With the pictures left out, write out exactly the lines of the listing below that run from the line with "创意奶油风OUZ大口径瓷花花瓶家简约客厅桌面陶插干花装饰居摆件" through the line with "Bolsa Carteira Santa".

_RECORDS SHOWN_:
*** Begin section ***

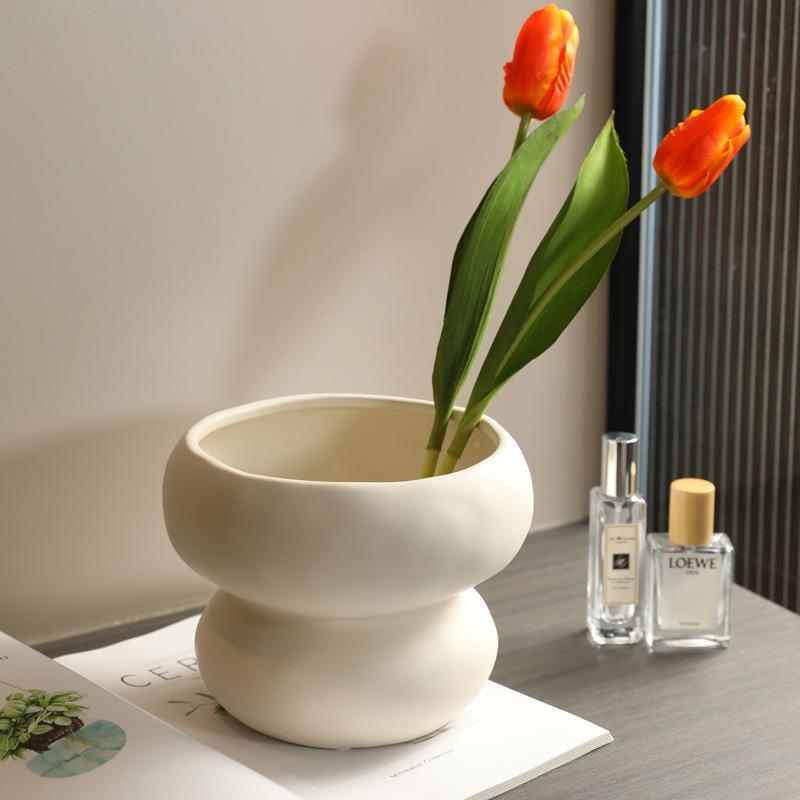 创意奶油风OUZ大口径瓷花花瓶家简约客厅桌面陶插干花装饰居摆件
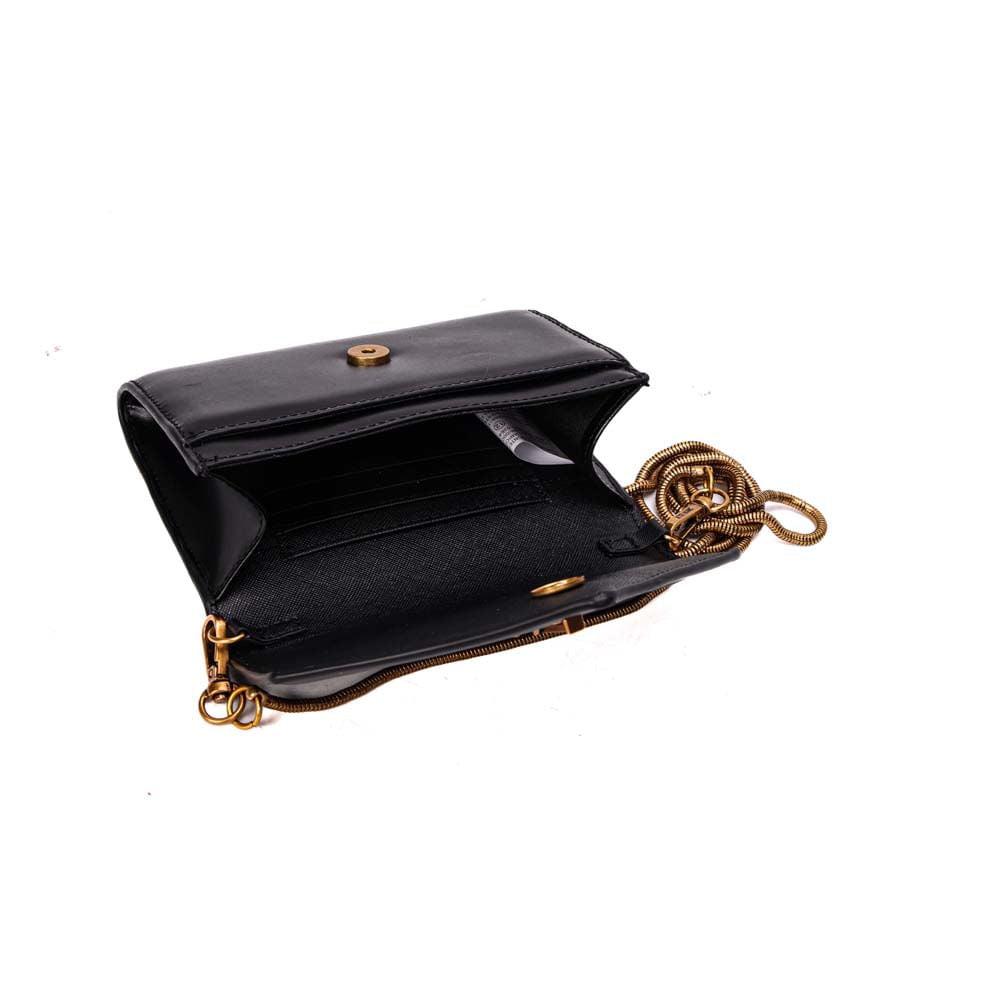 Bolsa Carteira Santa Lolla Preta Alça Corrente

*** End section ***
*** Begin section ***

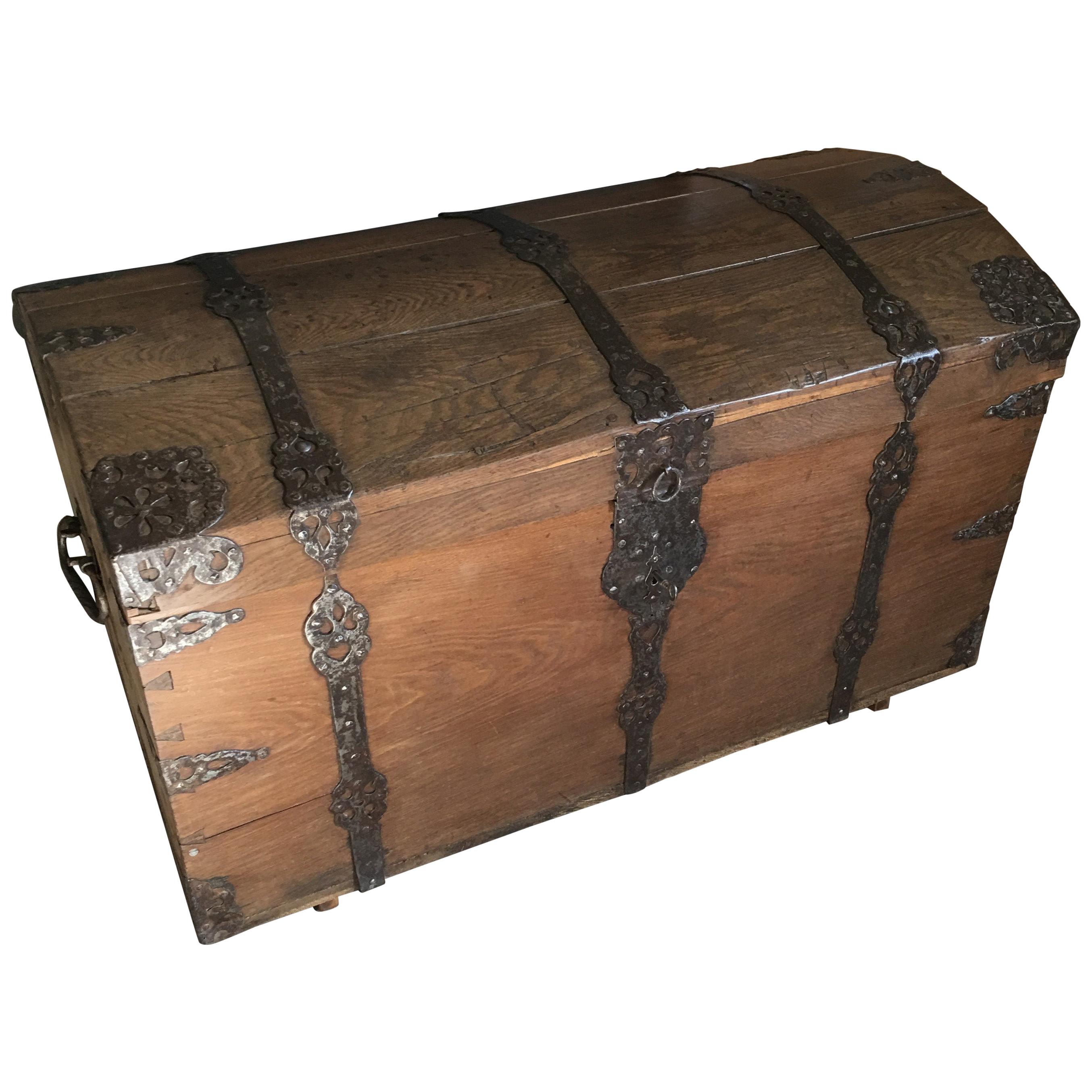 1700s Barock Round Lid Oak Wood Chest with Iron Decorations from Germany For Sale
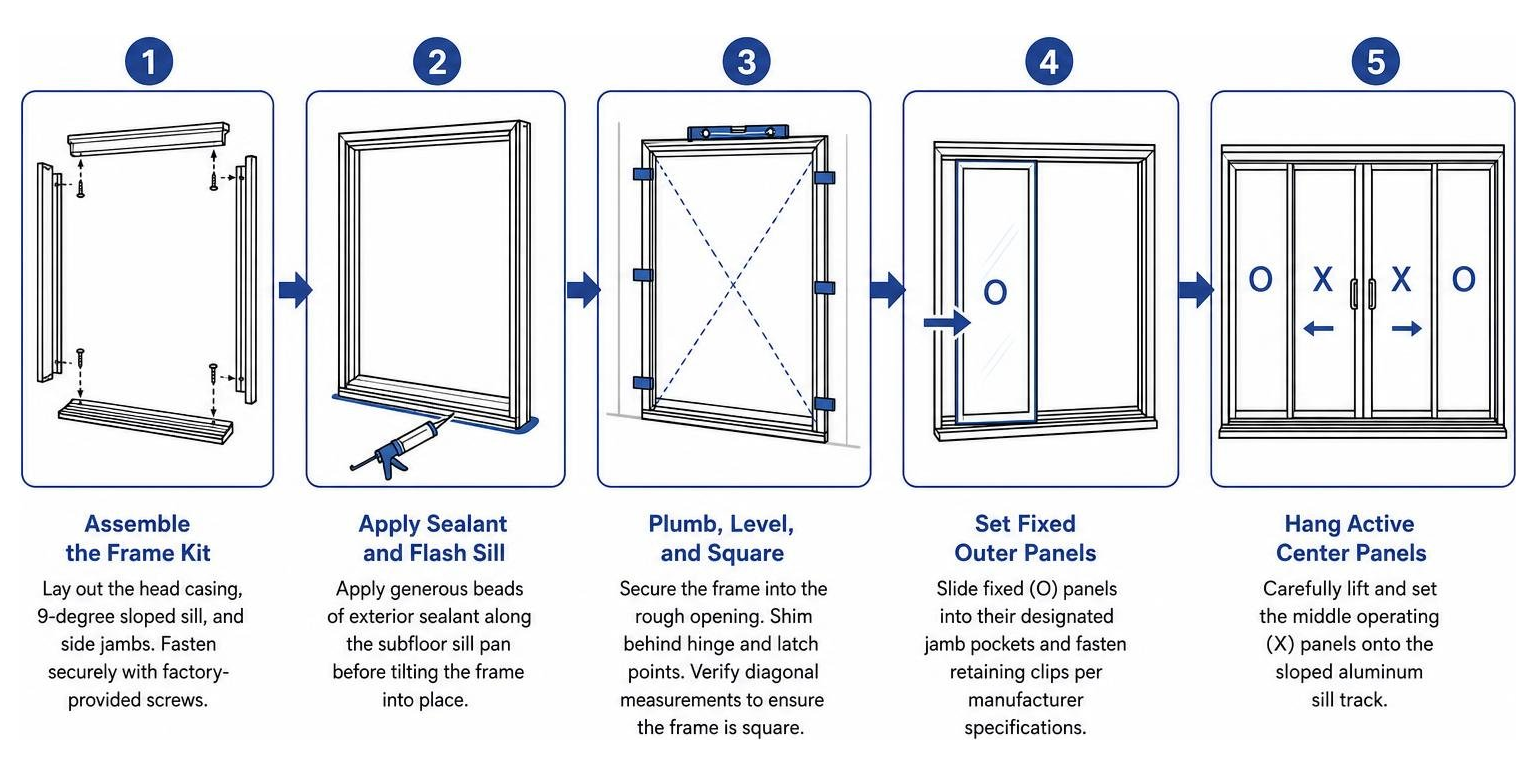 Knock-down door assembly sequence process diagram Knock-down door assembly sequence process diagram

*** End section ***

_TASK RESULT_:
 创意奶油风OUZ大口径瓷花花瓶家简约客厅桌面陶插干花装饰居摆件
 Bolsa Carteira Santa Lolla Preta Alça Corrente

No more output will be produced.